What this task involves — From the line with "2026 Ford F-150" through the final line below, restate each line word for word and return nothing else.

Record excerpts —
########

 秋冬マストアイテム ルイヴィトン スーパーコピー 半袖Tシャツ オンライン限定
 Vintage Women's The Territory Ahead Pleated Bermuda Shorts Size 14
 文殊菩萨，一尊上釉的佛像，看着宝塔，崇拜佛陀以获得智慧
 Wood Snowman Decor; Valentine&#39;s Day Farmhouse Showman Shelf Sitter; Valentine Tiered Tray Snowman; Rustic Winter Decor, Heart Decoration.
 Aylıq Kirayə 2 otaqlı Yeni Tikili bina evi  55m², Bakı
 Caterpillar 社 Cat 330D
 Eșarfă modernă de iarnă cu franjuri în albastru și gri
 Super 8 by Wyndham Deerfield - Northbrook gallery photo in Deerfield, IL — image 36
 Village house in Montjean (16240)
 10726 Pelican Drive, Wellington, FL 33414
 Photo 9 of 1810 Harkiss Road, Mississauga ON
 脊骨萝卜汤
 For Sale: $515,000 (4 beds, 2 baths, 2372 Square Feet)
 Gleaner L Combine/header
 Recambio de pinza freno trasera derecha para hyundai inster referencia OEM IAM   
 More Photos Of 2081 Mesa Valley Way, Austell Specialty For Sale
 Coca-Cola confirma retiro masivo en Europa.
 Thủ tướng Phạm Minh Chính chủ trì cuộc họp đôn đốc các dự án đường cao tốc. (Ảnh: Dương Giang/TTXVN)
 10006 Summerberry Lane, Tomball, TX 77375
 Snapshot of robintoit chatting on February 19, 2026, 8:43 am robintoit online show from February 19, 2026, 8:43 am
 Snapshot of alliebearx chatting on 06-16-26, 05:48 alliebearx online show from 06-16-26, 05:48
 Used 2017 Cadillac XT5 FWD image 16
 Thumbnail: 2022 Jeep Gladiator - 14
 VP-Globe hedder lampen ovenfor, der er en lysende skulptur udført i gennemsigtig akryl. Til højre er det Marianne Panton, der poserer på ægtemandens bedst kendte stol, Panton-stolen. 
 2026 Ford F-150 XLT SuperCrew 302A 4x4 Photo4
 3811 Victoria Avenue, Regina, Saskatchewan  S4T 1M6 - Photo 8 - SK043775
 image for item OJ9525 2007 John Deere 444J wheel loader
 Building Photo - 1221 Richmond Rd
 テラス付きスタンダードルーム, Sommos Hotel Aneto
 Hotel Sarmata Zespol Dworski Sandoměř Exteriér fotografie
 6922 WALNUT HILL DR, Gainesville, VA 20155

########

Result for this task —
 2026 Ford F-150 XLT SuperCrew 302A 4x4 Photo4
 3811 Victoria Avenue, Regina, Saskatchewan  S4T 1M6 - Photo 8 - SK043775
 image for item OJ9525 2007 John Deere 444J wheel loader
 Building Photo - 1221 Richmond Rd
 テラス付きスタンダードルーム, Sommos Hotel Aneto
 Hotel Sarmata Zespol Dworski Sandoměř Exteriér fotografie
 6922 WALNUT HILL DR, Gainesville, VA 20155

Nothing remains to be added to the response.